* _Goal of the exercise_:
Omit the pictures and copy the entries exactly.

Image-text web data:

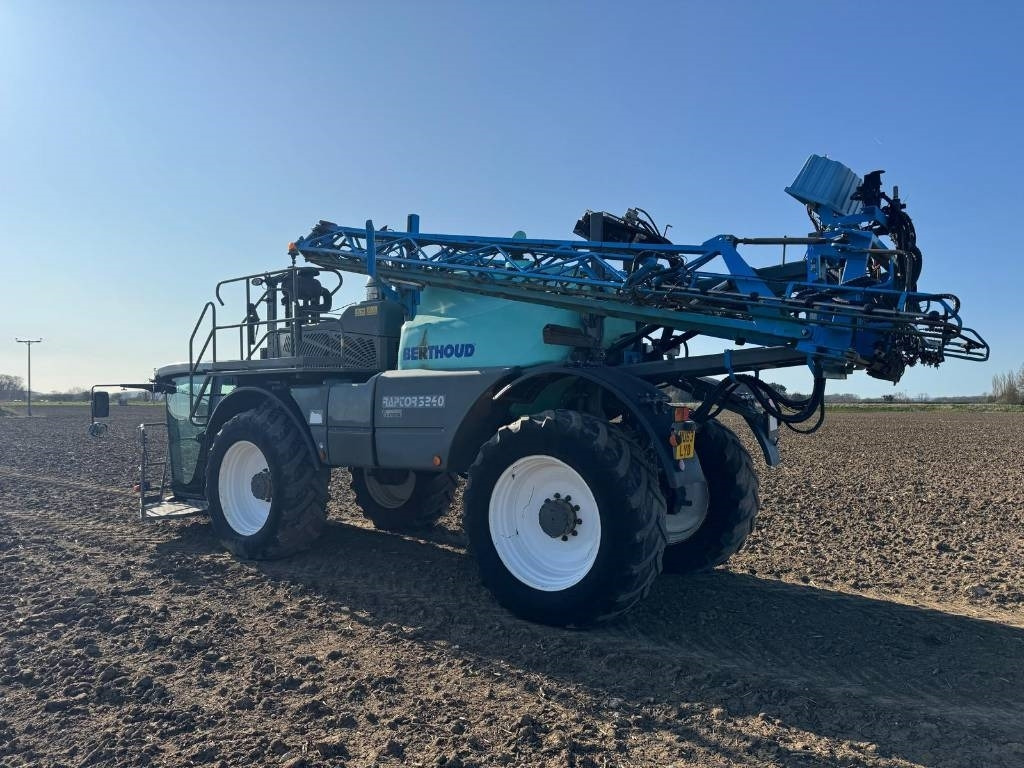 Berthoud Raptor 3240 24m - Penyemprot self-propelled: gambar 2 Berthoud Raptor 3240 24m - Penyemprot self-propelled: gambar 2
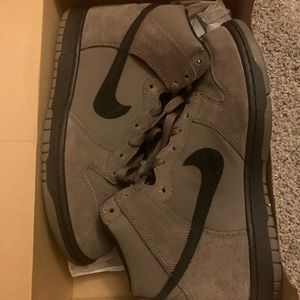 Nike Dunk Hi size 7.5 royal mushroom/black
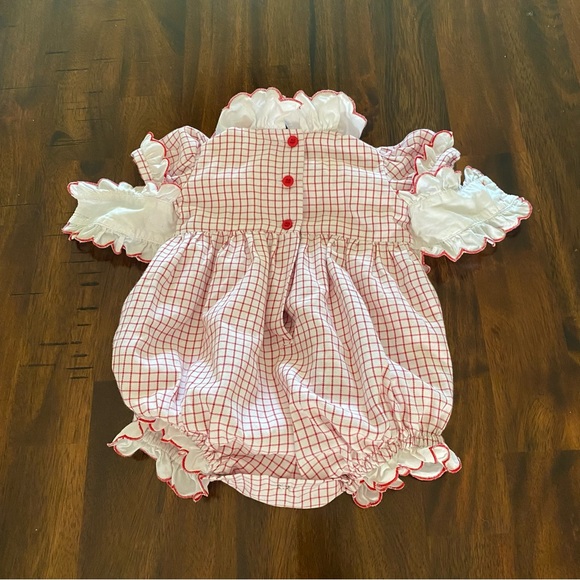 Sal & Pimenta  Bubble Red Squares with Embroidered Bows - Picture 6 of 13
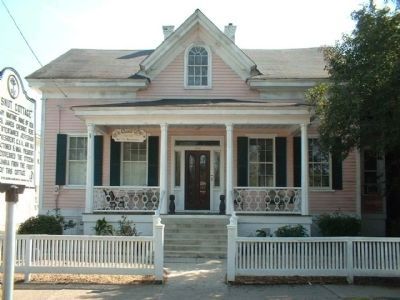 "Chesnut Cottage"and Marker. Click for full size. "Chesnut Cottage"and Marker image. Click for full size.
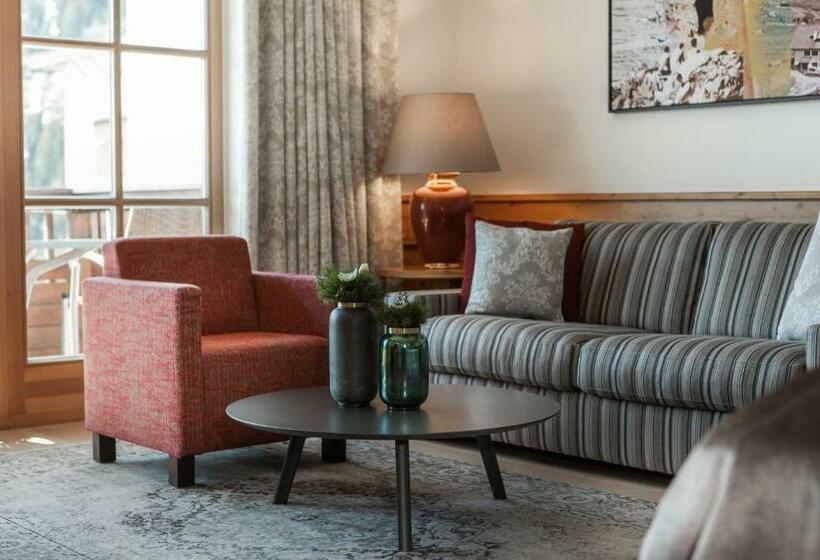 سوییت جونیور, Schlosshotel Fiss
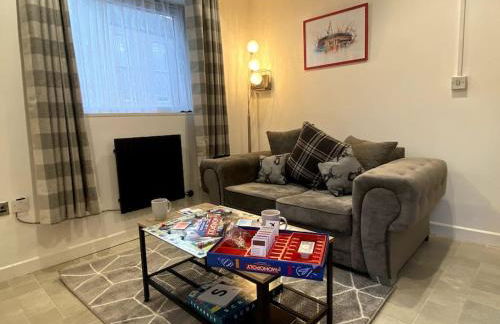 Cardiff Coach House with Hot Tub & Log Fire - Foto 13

* _Answer for this exercise_:
 Berthoud Raptor 3240 24m - Penyemprot self-propelled: gambar 2 Berthoud Raptor 3240 24m - Penyemprot self-propelled: gambar 2
 Nike Dunk Hi size 7.5 royal mushroom/black
 Sal & Pimenta  Bubble Red Squares with Embroidered Bows - Picture 6 of 13
 "Chesnut Cottage"and Marker. Click for full size. "Chesnut Cottage"and Marker image. Click for full size.
 سوییت جونیور, Schlosshotel Fiss
 Cardiff Coach House with Hot Tub & Log Fire - Foto 13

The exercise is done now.